** Material provided follows **

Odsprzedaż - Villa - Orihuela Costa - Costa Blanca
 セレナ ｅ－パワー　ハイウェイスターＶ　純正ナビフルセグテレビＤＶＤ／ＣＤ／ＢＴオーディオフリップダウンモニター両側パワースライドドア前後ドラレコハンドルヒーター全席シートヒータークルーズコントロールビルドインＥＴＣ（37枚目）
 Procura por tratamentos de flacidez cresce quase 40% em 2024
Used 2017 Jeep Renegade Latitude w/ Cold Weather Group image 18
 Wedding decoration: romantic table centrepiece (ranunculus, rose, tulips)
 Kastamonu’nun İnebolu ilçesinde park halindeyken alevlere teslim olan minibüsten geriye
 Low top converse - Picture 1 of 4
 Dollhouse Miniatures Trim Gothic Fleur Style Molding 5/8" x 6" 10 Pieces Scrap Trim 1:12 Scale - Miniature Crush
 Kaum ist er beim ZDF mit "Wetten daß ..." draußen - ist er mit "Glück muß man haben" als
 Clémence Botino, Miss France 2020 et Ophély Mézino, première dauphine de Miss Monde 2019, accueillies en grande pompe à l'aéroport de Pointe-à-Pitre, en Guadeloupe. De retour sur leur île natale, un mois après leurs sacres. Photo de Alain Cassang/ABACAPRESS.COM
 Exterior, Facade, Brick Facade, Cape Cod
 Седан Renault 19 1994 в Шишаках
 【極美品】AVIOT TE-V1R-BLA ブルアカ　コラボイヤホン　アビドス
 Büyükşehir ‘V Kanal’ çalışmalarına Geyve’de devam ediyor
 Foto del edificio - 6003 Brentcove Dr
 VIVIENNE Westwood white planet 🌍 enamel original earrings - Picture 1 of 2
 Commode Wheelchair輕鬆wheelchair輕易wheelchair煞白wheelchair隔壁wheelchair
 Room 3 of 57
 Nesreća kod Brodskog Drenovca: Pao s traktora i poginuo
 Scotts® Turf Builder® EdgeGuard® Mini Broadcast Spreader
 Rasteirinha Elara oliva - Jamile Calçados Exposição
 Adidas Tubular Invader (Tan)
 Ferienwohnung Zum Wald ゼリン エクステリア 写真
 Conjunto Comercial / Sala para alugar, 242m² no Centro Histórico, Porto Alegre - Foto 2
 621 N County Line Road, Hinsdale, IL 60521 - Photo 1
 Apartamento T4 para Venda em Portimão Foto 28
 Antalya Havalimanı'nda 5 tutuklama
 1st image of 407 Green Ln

** End of Material provided **

• _Work instructions_
From the entries above, extract only the lines running from the one containing "Procura por tratamentos" through the one containing "Dollhouse Miniatures Trim", inclusive.

• _Answer to the exercise_
 Procura por tratamentos de flacidez cresce quase 40% em 2024
Used 2017 Jeep Renegade Latitude w/ Cold Weather Group image 18
 Wedding decoration: romantic table centrepiece (ranunculus, rose, tulips)
 Kastamonu’nun İnebolu ilçesinde park halindeyken alevlere teslim olan minibüsten geriye
 Low top converse - Picture 1 of 4
 Dollhouse Miniatures Trim Gothic Fleur Style Molding 5/8" x 6" 10 Pieces Scrap Trim 1:12 Scale - Miniature Crush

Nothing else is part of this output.